Tiger is emerging from the van which has beamed him from his private plane out in Port Columbus Airport to this little scene yards away from the bronze statue of Jack Nicklaus, inscribed with the legend, "The Best Golfer There Ever Was".

Who the hell was Jack Nicklaus?

Tiger signs his name to a few proffered sheets of paper, takes a lot of slapping on the back and squeezing of the hand. Not good for a golfer. Sweat runs down his forehead like candle wax. He disappears into the cool, dark, moneyed bowels of the $35,000 a year per member clubhouse.

The Second: Speakers Corner

HE IS as slender as a splinter. He sits in the big armchair and the questions begin. One hundred and fifty journalists. Maybe one hundred and twenty of them spend their lives living up a tree somewhere. Anyway, one hundred and twenty of them have stupid questions to ask.

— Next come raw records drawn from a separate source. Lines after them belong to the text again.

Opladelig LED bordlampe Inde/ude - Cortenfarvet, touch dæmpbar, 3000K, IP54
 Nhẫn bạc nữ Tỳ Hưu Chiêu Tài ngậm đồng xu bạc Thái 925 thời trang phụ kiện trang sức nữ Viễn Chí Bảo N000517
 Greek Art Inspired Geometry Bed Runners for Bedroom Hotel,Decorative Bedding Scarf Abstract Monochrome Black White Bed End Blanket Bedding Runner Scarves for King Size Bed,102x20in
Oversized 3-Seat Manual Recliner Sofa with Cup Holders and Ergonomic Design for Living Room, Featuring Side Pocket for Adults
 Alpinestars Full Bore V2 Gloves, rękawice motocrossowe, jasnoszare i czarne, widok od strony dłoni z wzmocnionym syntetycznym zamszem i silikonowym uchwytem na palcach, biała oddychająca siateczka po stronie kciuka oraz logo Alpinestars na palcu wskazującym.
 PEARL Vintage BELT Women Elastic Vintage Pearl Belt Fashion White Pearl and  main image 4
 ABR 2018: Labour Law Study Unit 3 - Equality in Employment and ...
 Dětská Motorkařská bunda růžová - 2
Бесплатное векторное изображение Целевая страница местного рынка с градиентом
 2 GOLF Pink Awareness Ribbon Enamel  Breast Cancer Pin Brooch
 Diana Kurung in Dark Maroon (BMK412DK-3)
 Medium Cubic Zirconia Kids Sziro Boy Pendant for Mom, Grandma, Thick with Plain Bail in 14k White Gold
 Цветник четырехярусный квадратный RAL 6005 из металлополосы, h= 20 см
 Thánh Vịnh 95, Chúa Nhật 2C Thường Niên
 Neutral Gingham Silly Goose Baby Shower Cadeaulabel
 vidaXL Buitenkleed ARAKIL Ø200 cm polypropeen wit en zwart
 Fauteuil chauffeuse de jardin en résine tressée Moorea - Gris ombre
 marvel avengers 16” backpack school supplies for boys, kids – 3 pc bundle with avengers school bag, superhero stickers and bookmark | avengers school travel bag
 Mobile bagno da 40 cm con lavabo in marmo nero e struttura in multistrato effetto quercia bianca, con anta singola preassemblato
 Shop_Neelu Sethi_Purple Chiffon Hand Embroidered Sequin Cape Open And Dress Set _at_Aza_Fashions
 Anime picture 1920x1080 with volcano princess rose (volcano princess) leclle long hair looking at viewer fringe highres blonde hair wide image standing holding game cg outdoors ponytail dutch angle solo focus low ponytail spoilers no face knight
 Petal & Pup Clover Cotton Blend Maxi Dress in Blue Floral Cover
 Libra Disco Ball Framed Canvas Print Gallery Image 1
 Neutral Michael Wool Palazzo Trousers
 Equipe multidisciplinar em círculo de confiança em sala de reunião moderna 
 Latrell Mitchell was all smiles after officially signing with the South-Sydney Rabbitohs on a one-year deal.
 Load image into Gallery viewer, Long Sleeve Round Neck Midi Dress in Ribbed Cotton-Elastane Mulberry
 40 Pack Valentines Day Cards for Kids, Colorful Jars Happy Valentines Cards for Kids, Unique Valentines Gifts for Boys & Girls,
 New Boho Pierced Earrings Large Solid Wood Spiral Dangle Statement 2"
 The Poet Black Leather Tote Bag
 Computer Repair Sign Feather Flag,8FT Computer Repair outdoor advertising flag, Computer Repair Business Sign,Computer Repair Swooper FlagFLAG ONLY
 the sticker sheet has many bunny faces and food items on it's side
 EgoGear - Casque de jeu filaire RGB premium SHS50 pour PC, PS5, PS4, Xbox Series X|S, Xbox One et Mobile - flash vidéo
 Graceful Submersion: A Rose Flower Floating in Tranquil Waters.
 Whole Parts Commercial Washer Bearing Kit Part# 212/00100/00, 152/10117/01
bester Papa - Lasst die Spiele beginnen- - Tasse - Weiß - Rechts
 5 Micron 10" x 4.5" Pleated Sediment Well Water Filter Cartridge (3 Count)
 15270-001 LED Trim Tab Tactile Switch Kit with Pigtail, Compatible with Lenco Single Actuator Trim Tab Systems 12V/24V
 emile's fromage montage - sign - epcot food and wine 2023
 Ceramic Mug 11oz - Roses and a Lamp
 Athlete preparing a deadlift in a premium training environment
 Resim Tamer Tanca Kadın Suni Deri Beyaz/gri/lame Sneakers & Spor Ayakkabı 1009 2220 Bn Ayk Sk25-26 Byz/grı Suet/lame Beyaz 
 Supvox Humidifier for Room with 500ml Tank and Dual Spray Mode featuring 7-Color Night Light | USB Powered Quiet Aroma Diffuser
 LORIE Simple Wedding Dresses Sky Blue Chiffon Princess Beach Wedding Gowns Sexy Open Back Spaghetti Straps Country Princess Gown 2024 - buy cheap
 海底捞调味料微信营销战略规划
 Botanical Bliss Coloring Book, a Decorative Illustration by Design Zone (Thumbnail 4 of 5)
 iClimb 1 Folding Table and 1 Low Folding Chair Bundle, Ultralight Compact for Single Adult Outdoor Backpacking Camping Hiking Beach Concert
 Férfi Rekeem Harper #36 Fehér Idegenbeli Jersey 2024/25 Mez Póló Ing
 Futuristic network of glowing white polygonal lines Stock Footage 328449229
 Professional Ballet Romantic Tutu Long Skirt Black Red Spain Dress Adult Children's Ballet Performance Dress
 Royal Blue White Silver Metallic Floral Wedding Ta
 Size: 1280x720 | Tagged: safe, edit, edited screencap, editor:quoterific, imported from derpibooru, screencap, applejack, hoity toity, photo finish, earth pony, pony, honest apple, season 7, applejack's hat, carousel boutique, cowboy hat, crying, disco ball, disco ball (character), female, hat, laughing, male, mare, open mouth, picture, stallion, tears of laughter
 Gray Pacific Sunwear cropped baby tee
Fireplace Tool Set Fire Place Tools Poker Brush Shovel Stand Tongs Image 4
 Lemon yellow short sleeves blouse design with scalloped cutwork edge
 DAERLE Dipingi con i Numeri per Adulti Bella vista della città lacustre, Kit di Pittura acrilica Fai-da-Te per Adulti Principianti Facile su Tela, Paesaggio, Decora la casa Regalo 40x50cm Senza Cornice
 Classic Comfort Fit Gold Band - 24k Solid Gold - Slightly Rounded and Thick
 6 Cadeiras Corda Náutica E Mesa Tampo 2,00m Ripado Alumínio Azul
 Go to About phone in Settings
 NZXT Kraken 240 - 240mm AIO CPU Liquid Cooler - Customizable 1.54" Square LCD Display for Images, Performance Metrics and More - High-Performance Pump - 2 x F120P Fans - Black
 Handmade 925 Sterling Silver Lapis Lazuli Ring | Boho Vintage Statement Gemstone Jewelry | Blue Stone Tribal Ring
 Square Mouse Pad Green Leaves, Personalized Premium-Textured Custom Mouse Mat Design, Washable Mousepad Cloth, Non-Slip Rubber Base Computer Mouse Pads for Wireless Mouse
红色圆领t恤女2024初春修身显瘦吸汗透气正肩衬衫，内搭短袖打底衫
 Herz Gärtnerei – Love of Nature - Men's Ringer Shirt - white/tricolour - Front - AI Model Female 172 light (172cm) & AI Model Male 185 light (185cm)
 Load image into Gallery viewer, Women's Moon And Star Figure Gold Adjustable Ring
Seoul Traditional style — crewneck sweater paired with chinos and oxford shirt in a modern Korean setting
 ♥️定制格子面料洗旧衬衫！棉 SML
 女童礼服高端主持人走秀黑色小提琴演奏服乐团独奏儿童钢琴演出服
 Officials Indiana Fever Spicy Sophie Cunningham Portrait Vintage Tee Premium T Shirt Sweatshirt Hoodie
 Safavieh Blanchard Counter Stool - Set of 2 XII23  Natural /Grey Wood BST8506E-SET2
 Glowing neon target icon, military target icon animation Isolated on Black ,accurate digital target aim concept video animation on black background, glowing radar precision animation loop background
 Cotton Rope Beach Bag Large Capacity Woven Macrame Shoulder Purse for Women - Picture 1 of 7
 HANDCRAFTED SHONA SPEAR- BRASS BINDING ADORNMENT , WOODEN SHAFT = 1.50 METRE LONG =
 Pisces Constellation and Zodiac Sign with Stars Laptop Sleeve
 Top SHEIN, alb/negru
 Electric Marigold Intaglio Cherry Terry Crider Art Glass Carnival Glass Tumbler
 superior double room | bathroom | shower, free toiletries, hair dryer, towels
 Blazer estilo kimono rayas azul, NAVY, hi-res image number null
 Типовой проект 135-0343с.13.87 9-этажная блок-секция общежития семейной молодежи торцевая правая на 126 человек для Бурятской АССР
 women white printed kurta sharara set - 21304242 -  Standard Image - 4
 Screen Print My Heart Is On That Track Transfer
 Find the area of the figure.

"Do you feel like your at home, Tiger, because IMG (Tiger's agents) started out of Cleveland?"

"This isn't Cleveland."

"Well, Ohio."

"No."

"Tiger, is there anything special about the fans here in central Ohio?"

"Well, in my first 20 minutes I've seen a lot of people in one room.

"Have you gotten any nasty mail since the Masters?"

"Since the Masters? Yes."

"How much?"

"Enough."

Tiger sits for 45 minutes. Looks bored. This stuff is old already.

The Third: Swoosh

OUT ON the fairway it's a fiesta. A garish festival of Nike. Before Tiger came along golf activities accounted for one per cent of Nike's business. About $50 million dollars worth of sales. Small change after the accountants shuffled it. Today there must be that amount of gear on the backs and soles of the punters lining the first fairway alone.

Nike had been looking to gobble up golf since the mid 1980s, peering into the scene and looking again and again for a figure who could transcend the game and become that holiest of American holies a marketing tool.

As late as 1992, three top Nike executives - Phil Knight (CEO), Fred Schreyer and Howard Slusher examined golf in detail and turned away in despair. Golf fashion wasn't Nike fashion. Golf seemed immune from anything remotely hip. What stars golf possessed had pimped their images all over the shop already. Nike bought the Ben Hogan Tour (division two) instead of buying a player. Called it the Nike Tour. So what.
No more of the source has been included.